RAW DATA »
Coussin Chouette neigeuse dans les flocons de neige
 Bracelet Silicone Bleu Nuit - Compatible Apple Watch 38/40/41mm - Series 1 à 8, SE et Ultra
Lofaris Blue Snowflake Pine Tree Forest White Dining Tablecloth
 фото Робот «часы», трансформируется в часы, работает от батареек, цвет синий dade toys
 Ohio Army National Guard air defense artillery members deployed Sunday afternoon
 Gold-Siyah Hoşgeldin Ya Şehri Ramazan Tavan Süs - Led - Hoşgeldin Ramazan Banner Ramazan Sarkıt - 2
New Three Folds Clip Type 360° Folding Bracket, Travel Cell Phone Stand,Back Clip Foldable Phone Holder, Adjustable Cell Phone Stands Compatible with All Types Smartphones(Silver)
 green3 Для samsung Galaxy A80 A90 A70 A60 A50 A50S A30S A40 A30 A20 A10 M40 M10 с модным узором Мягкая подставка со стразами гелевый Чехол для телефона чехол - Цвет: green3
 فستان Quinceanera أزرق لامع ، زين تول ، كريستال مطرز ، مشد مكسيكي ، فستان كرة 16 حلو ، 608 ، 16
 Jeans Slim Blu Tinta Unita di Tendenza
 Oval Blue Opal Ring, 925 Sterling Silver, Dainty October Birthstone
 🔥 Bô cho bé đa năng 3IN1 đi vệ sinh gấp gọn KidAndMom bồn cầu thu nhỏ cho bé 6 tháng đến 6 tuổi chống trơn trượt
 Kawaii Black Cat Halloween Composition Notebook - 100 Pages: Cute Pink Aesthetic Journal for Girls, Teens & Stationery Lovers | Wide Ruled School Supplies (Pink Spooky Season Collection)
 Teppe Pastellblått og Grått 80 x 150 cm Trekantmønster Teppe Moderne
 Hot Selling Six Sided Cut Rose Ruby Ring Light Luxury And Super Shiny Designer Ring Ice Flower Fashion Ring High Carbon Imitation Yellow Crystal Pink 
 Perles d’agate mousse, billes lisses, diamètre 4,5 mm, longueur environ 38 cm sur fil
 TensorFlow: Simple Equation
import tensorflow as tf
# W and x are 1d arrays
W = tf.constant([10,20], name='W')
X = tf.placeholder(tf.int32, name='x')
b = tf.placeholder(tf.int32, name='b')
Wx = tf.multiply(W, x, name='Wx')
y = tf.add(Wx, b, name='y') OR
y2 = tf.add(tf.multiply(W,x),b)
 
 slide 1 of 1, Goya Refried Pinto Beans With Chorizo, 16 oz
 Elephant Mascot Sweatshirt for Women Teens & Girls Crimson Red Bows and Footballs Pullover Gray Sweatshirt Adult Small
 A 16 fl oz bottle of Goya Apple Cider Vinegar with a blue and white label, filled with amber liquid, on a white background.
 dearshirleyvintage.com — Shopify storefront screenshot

WORK ORDER »
In the listing above, locate the line with "Lofaris Blue Snowflake" and the line with "Ohio Army National", then extract exactly those lines and every line between them, and nothing more.

EXERCISE ANSWER »
Lofaris Blue Snowflake Pine Tree Forest White Dining Tablecloth
 фото Робот «часы», трансформируется в часы, работает от батареек, цвет синий dade toys
 Ohio Army National Guard air defense artillery members deployed Sunday afternoon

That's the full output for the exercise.